**Supplied data**.
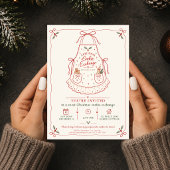 Invitation Tablier d'échange de biscuits de Noël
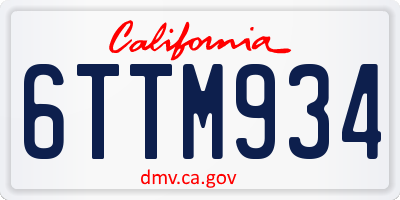 CA license plate 6TTM934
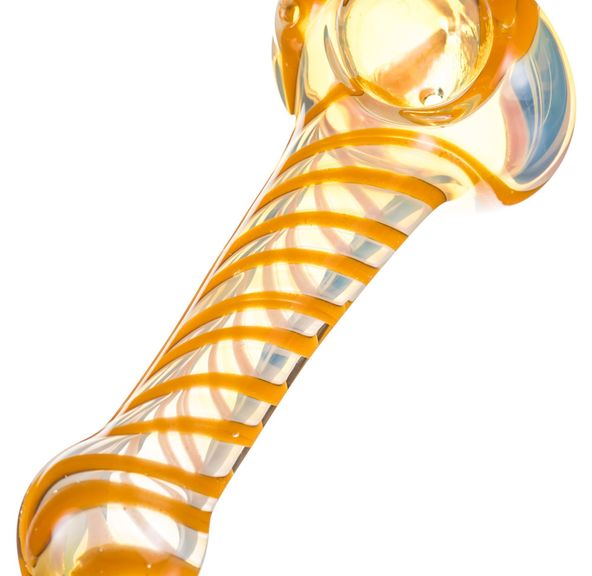$20 Glass Pipe - Single Knocker Gold Fumed Marble 5"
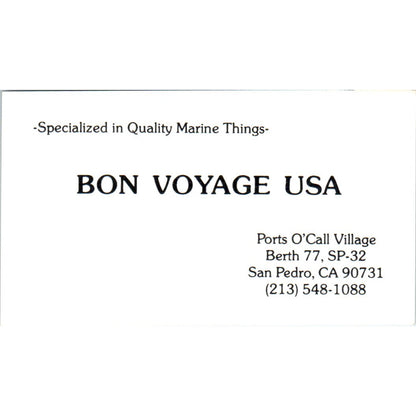 Bon Voyage USA Ports O'Call Village San Pedro CA Vintage Business Card SD8-B19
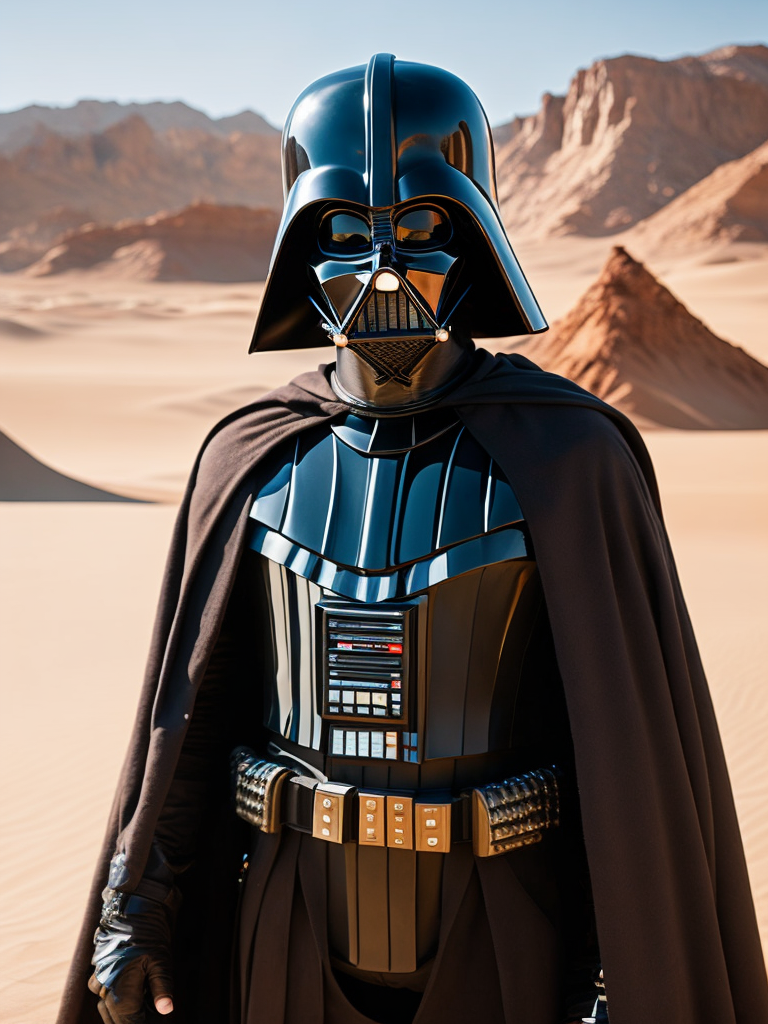 Portrait of Darth Vader in Mad Max style, Desert with dunes in the background, rusty metal, metal spikes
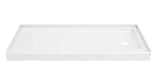 Classic 500 60 in. L x 32 in. W Alcove Shower Pan Base with Right Drain in High Gloss White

**What you should do**. The answer is the lines above from the one with "CA license plate 6TTM934" to the one with "Portrait of Darth", set down exactly, with no pictures.

**Written response**.
 CA license plate 6TTM934
$20 Glass Pipe - Single Knocker Gold Fumed Marble 5"
 Bon Voyage USA Ports O'Call Village San Pedro CA Vintage Business Card SD8-B19
 Portrait of Darth Vader in Mad Max style, Desert with dunes in the background, rusty metal, metal spikes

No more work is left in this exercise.